(Stored dataset items)
-----

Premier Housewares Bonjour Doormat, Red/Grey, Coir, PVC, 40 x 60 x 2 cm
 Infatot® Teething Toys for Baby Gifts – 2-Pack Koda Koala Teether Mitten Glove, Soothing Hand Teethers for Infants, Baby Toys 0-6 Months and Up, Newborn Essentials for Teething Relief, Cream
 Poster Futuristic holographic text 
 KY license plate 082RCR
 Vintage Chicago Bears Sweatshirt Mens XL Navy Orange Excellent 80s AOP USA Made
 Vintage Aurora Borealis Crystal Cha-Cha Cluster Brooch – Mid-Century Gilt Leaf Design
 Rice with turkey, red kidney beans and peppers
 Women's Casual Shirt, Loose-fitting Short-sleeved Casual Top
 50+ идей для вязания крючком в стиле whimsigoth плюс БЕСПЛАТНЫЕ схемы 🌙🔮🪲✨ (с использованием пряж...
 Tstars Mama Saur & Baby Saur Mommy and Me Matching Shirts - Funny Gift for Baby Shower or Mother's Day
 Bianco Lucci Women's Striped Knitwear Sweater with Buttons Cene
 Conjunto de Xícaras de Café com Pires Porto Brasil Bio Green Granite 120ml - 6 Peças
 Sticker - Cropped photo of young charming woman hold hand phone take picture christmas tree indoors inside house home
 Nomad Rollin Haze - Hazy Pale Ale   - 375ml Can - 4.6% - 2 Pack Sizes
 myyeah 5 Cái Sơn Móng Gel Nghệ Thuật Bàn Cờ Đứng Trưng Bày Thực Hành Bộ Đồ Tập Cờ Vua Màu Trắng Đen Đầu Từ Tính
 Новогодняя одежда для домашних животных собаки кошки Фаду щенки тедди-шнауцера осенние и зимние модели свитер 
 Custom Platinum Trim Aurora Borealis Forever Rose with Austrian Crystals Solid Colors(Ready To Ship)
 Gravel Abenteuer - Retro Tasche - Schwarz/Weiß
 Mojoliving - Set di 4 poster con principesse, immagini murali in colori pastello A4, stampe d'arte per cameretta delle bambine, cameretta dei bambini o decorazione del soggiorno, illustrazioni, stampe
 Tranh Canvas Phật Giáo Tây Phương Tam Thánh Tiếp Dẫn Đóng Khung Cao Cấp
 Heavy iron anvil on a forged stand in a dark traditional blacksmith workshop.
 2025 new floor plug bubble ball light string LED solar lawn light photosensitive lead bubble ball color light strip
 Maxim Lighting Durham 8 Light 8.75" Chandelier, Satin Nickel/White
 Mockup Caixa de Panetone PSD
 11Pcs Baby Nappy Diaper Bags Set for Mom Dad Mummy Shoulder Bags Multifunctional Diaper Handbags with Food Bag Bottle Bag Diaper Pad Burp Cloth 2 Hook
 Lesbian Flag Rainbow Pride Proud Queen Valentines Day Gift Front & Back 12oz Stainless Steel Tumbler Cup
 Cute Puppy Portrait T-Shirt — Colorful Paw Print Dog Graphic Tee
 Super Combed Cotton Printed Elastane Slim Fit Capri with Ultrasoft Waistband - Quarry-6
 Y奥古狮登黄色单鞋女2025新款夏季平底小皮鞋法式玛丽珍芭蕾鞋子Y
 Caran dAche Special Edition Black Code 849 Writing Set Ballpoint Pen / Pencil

-----

**EXERCISE:**
Look above for the line with "Mojoliving - Set"; retype exactly that line, every line after it up to the line with "Mockup Caixa de Panetone PSD", and that line too, nothing else.

**ANSWER SECTION:**
 Mojoliving - Set di 4 poster con principesse, immagini murali in colori pastello A4, stampe d'arte per cameretta delle bambine, cameretta dei bambini o decorazione del soggiorno, illustrazioni, stampe
 Tranh Canvas Phật Giáo Tây Phương Tam Thánh Tiếp Dẫn Đóng Khung Cao Cấp
 Heavy iron anvil on a forged stand in a dark traditional blacksmith workshop.
 2025 new floor plug bubble ball light string LED solar lawn light photosensitive lead bubble ball color light strip
 Maxim Lighting Durham 8 Light 8.75" Chandelier, Satin Nickel/White
 Mockup Caixa de Panetone PSD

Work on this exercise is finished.